Exhibited: Milmo-Penny Fine Art, December 2002

This appears to be one of a number of sketches made in preparation for Pissarro’s important tempera work, La Moisson, painted in 1882. Indeed the final painting is notable for the unusually large number of preparatory drawings that preceded it. It is likely that the majority of these sketches were made during the harvest of August 1881. The finished tempera was itself one of 36 paintings and gouaches submitted by Pissarro to the seventh Impressionist exhibition in April 1882.

Executed in oil charcoal, the medium favoured by Degas, the recto shows two separate studies of male figures. Both men are wearing hats and rugged peasant clothing. Each figure carries a flail for threshing corn. Pissarro draws the figure on the left in rear view. The figure on the right is viewed in three quarter profile from behind. The sketch on the left, although rudimentary, is far more worked than the one on the right.

Photograph of a drawing by the French Impressionist, Camill Pissarro.

Harvesters Sheaving

The verso also shows two separate studies of male figures engaged in the same activity.

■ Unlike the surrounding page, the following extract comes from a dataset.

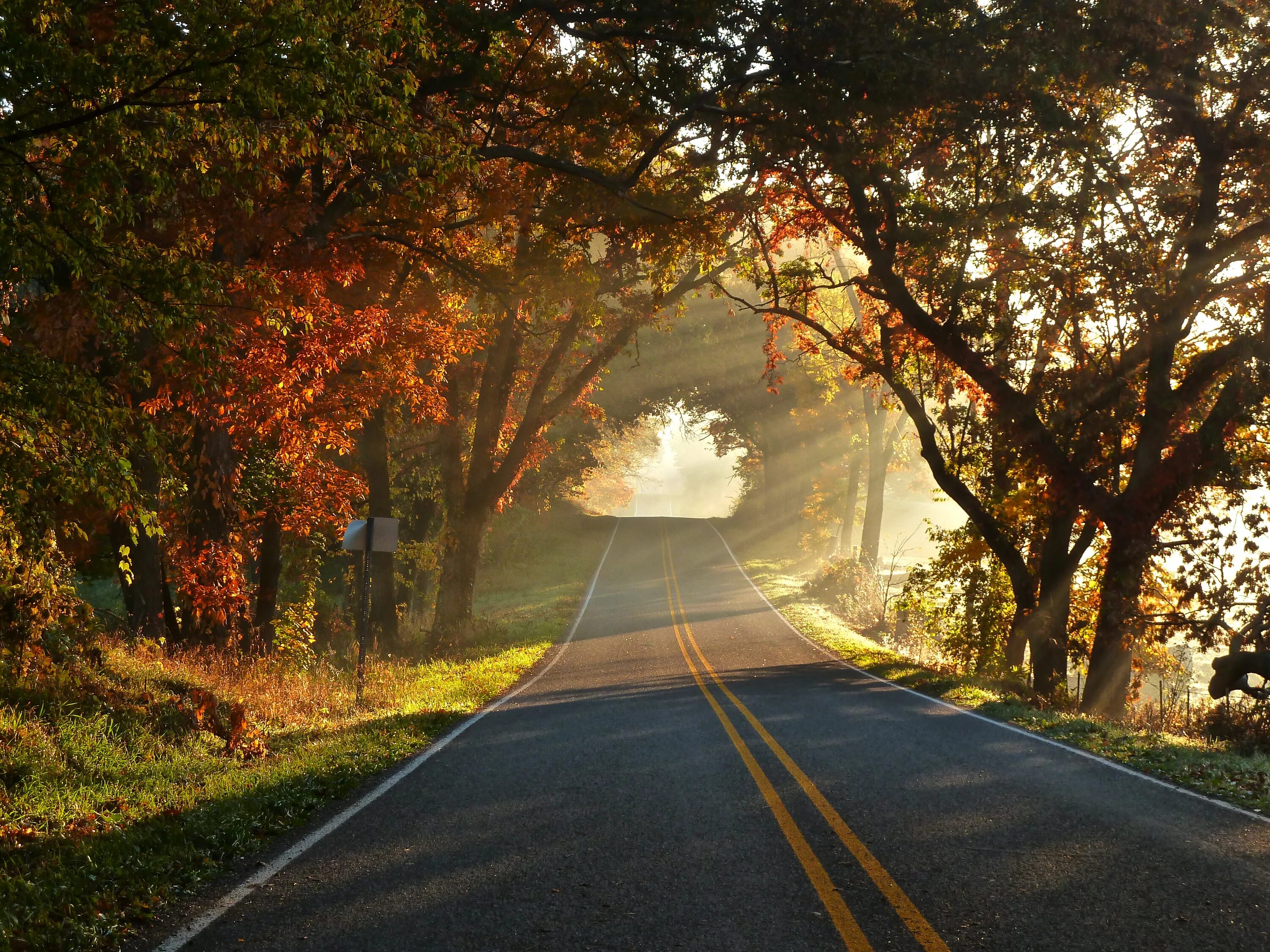 County roads. Осенняя дорога. Пейзаж с дорогой. Дорога в осень.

It appears that the same harvesters are depicted in both recto and verso. This time the two men are tying the reaped corn into sheaves. The lower sketch is far more worked than the one above. The lower figure wears a hat that is rounded at the top whilst the upper figure appears to have cast his a flat-topped hat onto the ground behind him. The detail of the discarded hat may not appear significant at first, however it was Pissarro’s attention to exactly this sort of detail in preparatory studies that allowed him to capture the essence of rural life so precisely in his finished canvases.

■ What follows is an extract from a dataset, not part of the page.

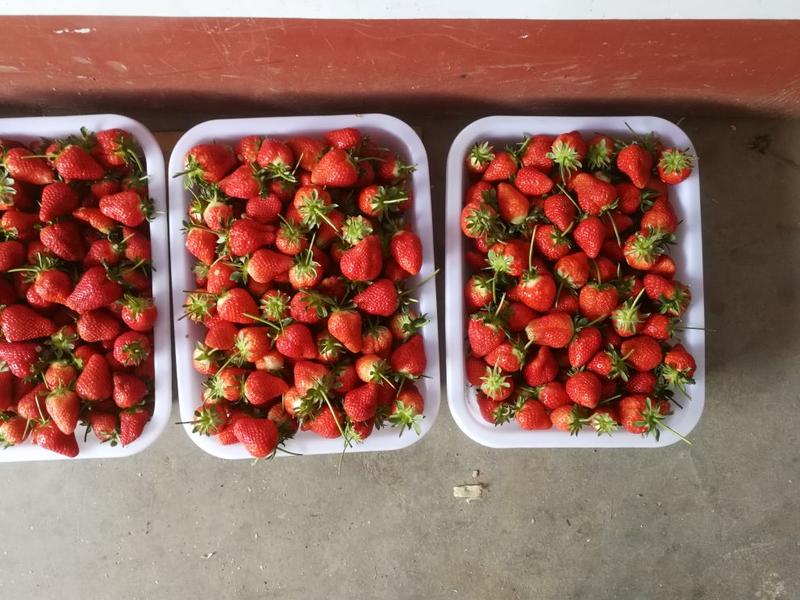 法兰蒂草莓20克以下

Both sides of our drawing are very similar in size and image to the recto and verso of Four studies of a male peasant flailing; Three studies of male harvesters (Ashmolean Museum, Oxford, 1980, number 121, Brettell & Lloyd). The Ashmolean drawing offers both comparisons and contrasts with our own. The recto shows a number of sketches of harvesters flailing, whilst the verso contains images of sheaving. In contrast with the recto of our drawing, the Ashmolean recto shows four images, three of which are engaged in flailing and shown from a frontal view. The Ashmolean verso shows three sketches of sheaving, two from a three-quarter rear view, and one from the front in which the harvester wears a hat identical to the one that lies on the ground in our drawing.

It is probable that Millet’s L’été, les Batteurs de Sarrasin, was influential in Pissarro selection of subject matter for these drawings. Millet’s painting, which was exhibited at the Barbizon School Exhibition at Durand-Ruel in 1878, shows men flailing corn in the background of the composition. Such figures are absent from La Moisson, but our drawing and the Ashmolean verso may indicate Pissarro’s initial intention to include such figures in his final canvas.

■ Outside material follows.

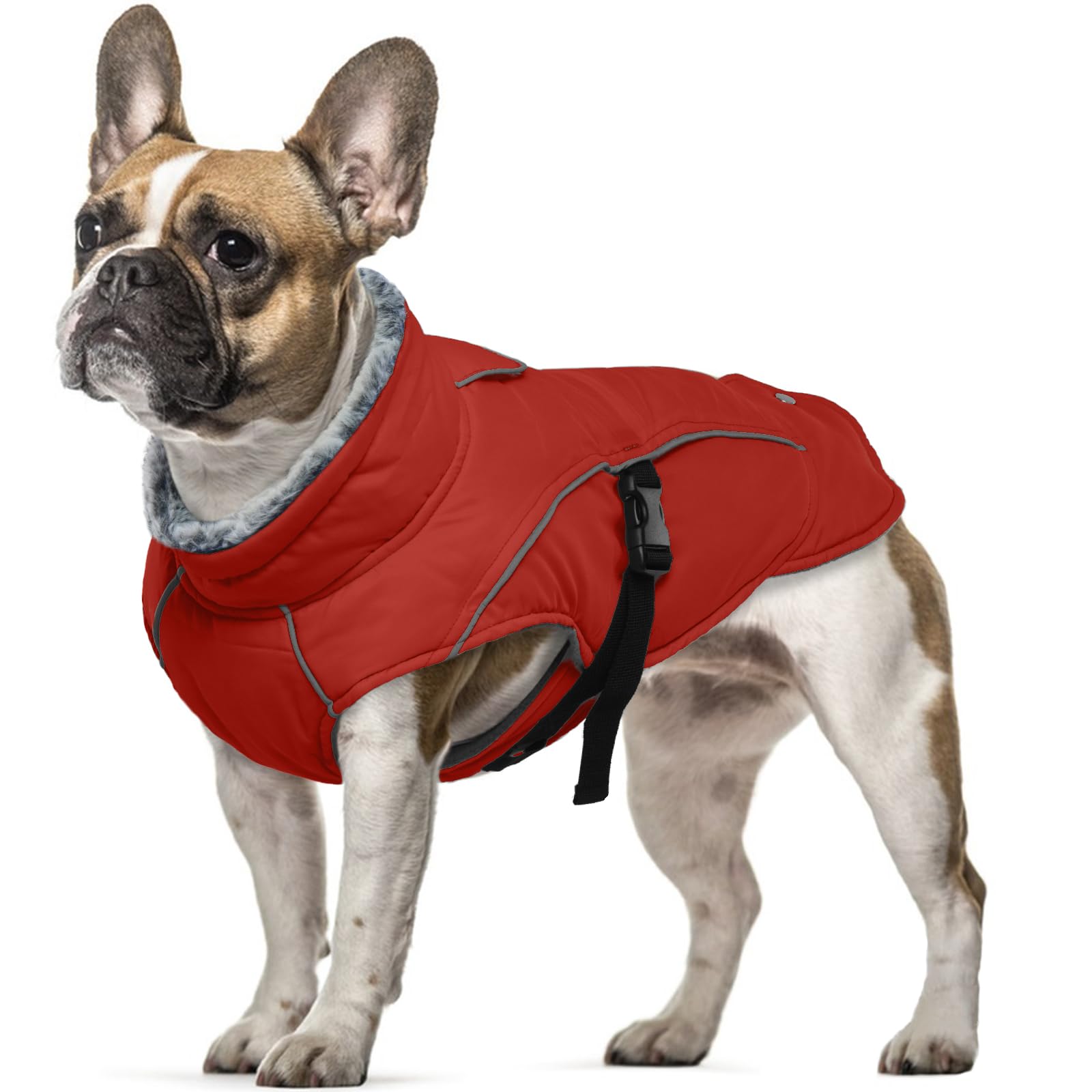 Small Dog Winter Coat, Fleece Winter Vest Warm Clothes for Cold Weather Cozy Jacket Small Dogs Heated Coat Snow Jacket with Fleece Lining(Red, S) — image 1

At first glance, the current drawing appears crude and simplistic. However, this belies the work’s ability to convey the power and presence so characteristic of the hardy countrymen portrayed. Pissarro’s achievement here lies in conveying such complex notions in so pure, simple and spontaneous a manner. One shouldn’t be surprised at Pissarro’s ability to capture these emotions; after all, these are the unadulterated lines of one of the greatest French painters who ever lived.